Kelimelerin Kur'an'da geçiş grafiği

A'râf Suresi 125. Ayetin Meallerindeki Dilsel Farklılıklar:

Ayetin meallerindeki dilsel farklılıklar
Meal SahibiKullanılan İfadeDilsel Tonu
Abdulbaki Gölpınarlıdönüp Rabbimizin tapısına varacağızAçıklayıcı
Diyanet İşleriBiz mutlaka Rabbimize döneceğiz.Geleneksel
Elmalılı Hamdi YazırŞüphesiz o takdirde biz Rabbimize döneceğiz.Açıklayıcı
Mehmet OkuyanBiz zaten Rabbimize döneceğiz.Modern
Ömer Nasuhi BilmenŞüphe yok Rabbimize dönüvericileriz.Geleneksel
Süleyman AteşBiz zaten Rabbimize döneceğiz!Modern
Süleymaniye VakfıBiz de Rabbimize döneriz.Açıklayıcı
Yaşar Nuri Öztürkdoğruca Rabbimize varacağız.Modern

İncelenen mealler arasında en çok ortak ifade 'Rabbimize döneceğiz' şeklinde öne çıkmaktadır. Bu ifade, büyücülerin kesin bir dönüş iradesini vurgulamakta olup, inançlarının güçlü bir ifadesidir. Çeşitli meallerde farklı kelime kullanımları olsa da, çoğu mealde bu dönüş temasının ön plana çıktığı görülmektedir. 'Dönmek' veya 'varmak' terimleri, farklı dillerde benzer anlamlar taşırken, bazı meallerde 'şüphe' kelimesinin kullanılması, inancın sorgulandığı bir durumu da yansıtmaktadır.
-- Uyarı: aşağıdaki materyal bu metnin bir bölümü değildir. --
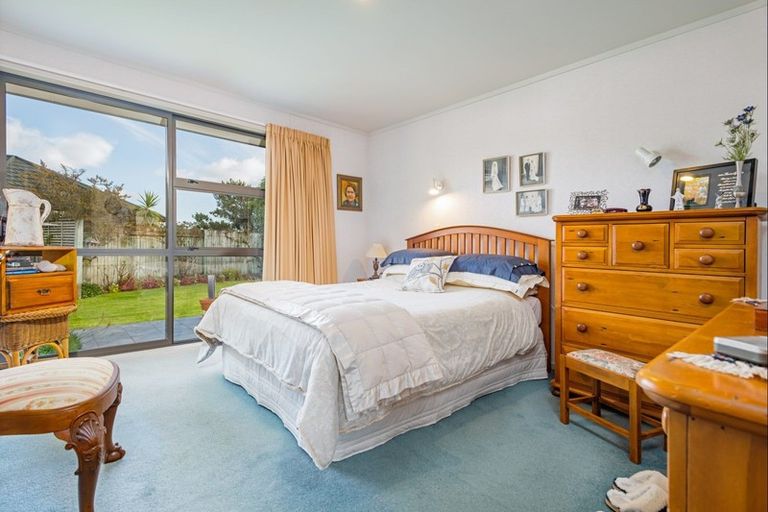 Photo of property in 10 Logan Place, Kelvin Grove, Palmerston North, 4414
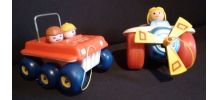 Deux jouets à tirer "Fisher Price"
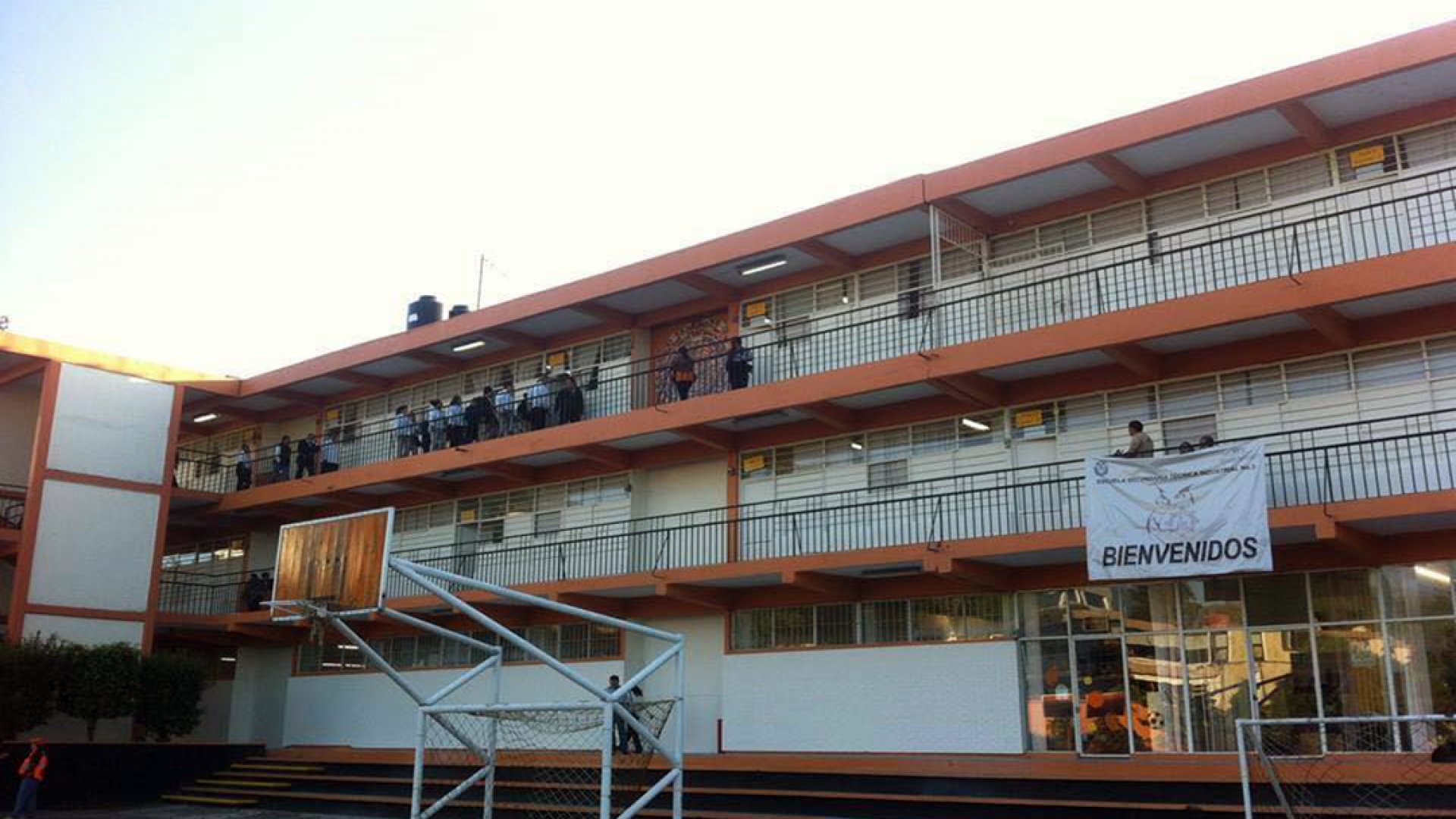 Caída de alumno en Xalapa desata polémica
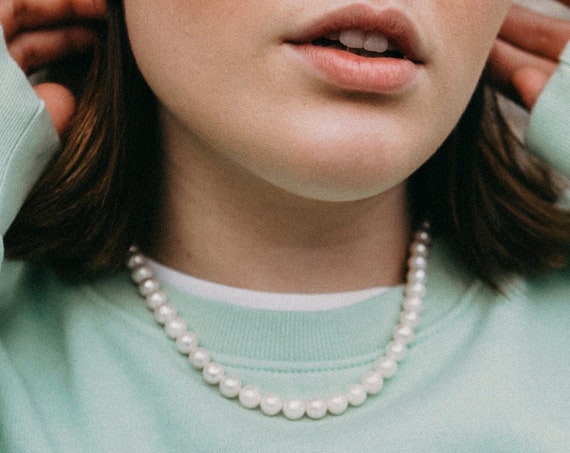 Kate Pearl Necklace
Bu durum, meallerin farklı bağlamlar ve dilsel tonlarla zenginleştirildiğini göstermektedir. Örneğin, Abdulbaki Gölpınarlı'nın 'tapısına varacağız' ifadesi, daha edebi bir dil kullanırken, Mehmet Okuyan'ın 'zaten' kelimesi, daha modern ve gündelik bir anlatım sunmaktadır.